Now consider what happens if one
of IC2’s outputs goes high – ie, if the
oxygen sensor signal goes above VR4’s
wiper or if the load input signal goes
below the VR5’s wiper. In that case,
ZD4’s anode is pulled high via either
diode D2 or D3 (depending on which
op amp output is high). This causes
transistor Q2 to turn off and so the
alarm stops sounding.
This means that the outputs of IC2a
& IC2b must both be low for Q2 to
switch on and sound the alarm.
Note the 1MΩ input resistors in
series with the oxygen sensor and
load inputs. These prevent loading of
the circuits they are connected to and
ensure that the car’s ECU operation is
not affected in any way by the addition of the Smart Mixture Display. The
associated 10nF capacitors to ground
are included to filter voltage transients
on the inputs.
Power for the circuit is derived from
the vehicle’s +12V ignition supply.
Diode D1 prevents damage if the battery supply connections are reversed,
while the 10Ω resistor and 470µF
capacitor provide decoupling and
filtering.
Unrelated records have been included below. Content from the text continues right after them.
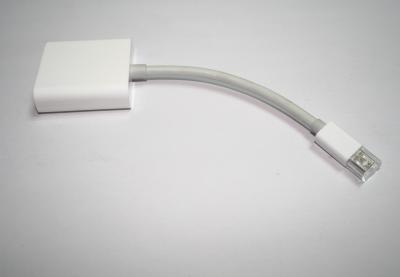 Cina Mini maschio di Displayport al cavo femminile della scheda VGA in vendita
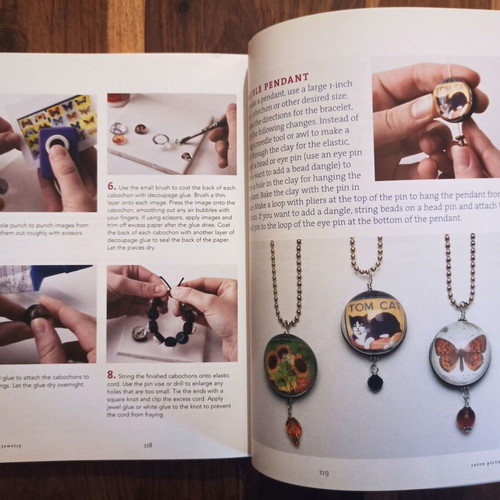 Designer Style Jewelry book like new, English, Sherri Haab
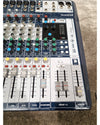 Soundcraft Signature 12 Mixer - SIlver/Blue – Mixing Console - Excellent - Photo 5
As a further precaution, 16V
zener diode ZD1 is included to prevent
voltage spikes from damaging the ICs.
Construction
The Smart Mixture Meter is straightforward to build, with all the parts installed on a PC board coded 05104041.
Fig.2 shows the assembly details.
Begin the assembly by installing the
wire links and resistors first. Table 1
shows the resistor colour codes but
it’s advisable to check each one with a
digital multimeter as well, as some of
the colours can be difficult to decipher.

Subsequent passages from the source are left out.